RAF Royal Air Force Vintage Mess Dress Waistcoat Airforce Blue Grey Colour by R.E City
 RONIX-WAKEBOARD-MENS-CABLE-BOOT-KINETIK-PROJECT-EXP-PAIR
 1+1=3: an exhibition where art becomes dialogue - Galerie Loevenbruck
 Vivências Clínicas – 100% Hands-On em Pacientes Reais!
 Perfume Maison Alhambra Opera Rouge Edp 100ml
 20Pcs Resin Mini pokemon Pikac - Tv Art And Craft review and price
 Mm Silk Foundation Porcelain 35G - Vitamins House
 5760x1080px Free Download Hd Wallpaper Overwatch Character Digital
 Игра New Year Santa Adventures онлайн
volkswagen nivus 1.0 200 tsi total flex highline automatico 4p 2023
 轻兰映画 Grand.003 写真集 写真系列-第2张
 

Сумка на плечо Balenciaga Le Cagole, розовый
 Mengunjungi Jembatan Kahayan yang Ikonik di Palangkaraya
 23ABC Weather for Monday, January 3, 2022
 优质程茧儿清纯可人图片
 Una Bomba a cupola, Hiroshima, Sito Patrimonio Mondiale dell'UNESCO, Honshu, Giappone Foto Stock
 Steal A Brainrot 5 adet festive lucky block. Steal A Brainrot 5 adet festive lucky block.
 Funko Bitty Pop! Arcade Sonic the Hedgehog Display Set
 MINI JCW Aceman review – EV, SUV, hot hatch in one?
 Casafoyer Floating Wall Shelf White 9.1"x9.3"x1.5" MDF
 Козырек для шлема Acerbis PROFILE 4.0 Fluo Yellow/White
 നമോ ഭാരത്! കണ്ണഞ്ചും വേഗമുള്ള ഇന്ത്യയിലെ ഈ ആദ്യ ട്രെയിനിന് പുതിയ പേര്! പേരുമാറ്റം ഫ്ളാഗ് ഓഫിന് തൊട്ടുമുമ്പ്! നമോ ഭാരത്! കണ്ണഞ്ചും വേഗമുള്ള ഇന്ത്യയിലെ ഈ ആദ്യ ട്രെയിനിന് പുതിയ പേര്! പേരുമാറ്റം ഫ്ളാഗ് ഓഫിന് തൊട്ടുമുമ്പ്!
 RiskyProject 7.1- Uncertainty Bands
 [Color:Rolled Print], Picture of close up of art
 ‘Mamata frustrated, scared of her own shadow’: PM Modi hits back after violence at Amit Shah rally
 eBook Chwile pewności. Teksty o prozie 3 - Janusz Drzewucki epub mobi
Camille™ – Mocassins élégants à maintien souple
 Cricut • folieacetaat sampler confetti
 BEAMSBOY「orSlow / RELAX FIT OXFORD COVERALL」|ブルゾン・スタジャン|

# # # #

Please copy out each line in the entries that mentions the string "White".

▸ **Solution below**:
 Casafoyer Floating Wall Shelf White 9.1"x9.3"x1.5" MDF
 Козырек для шлема Acerbis PROFILE 4.0 Fluo Yellow/White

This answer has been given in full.